→ **YOUR OBJECTIVE**
After locating the line that bears "MAXX (Slip On)", restate word for word that line and the rest of the listing to its final line, excluding all pictures.

→ **DATA PROVIDED**
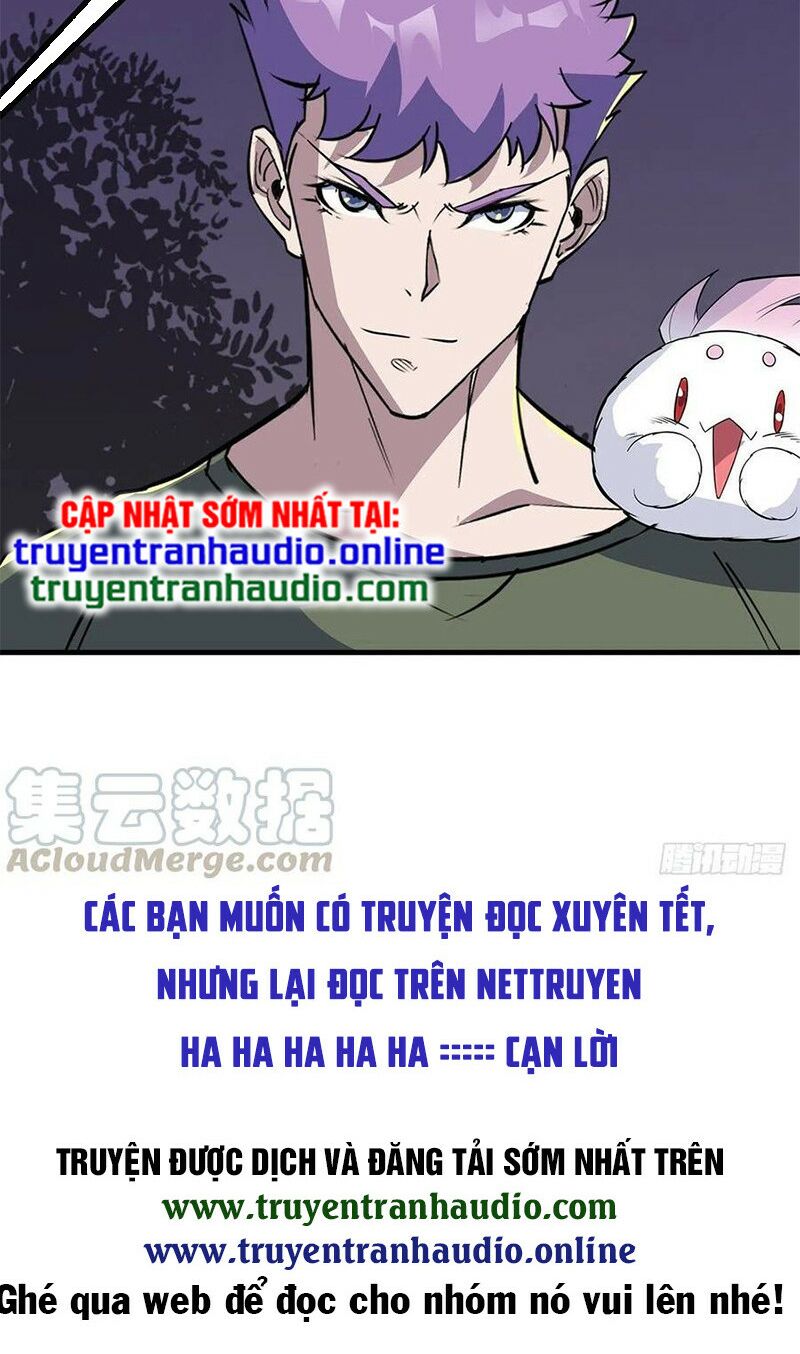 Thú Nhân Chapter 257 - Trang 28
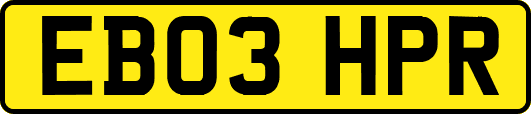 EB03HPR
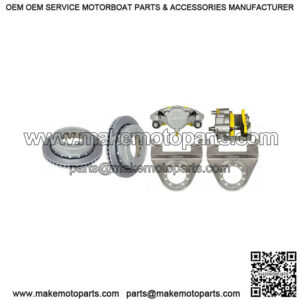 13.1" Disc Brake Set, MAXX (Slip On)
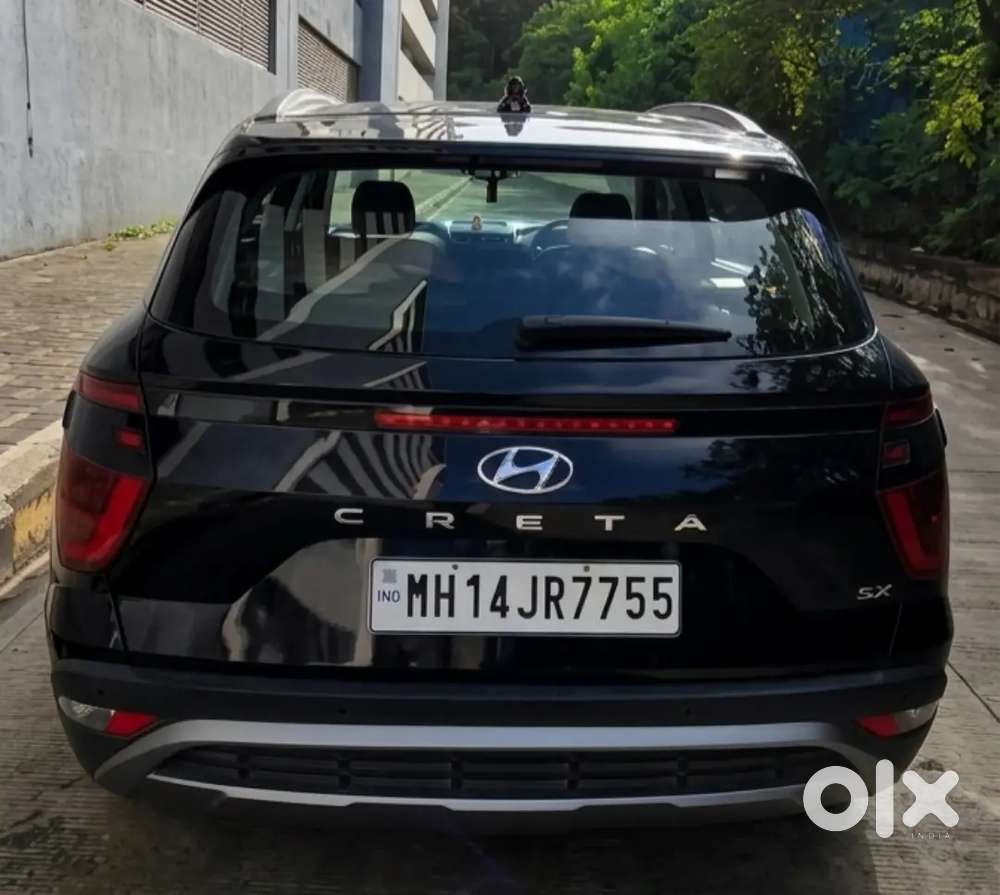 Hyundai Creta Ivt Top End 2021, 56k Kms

→ **ANSWER SECTION**
 13.1" Disc Brake Set, MAXX (Slip On)
 Hyundai Creta Ivt Top End 2021, 56k Kms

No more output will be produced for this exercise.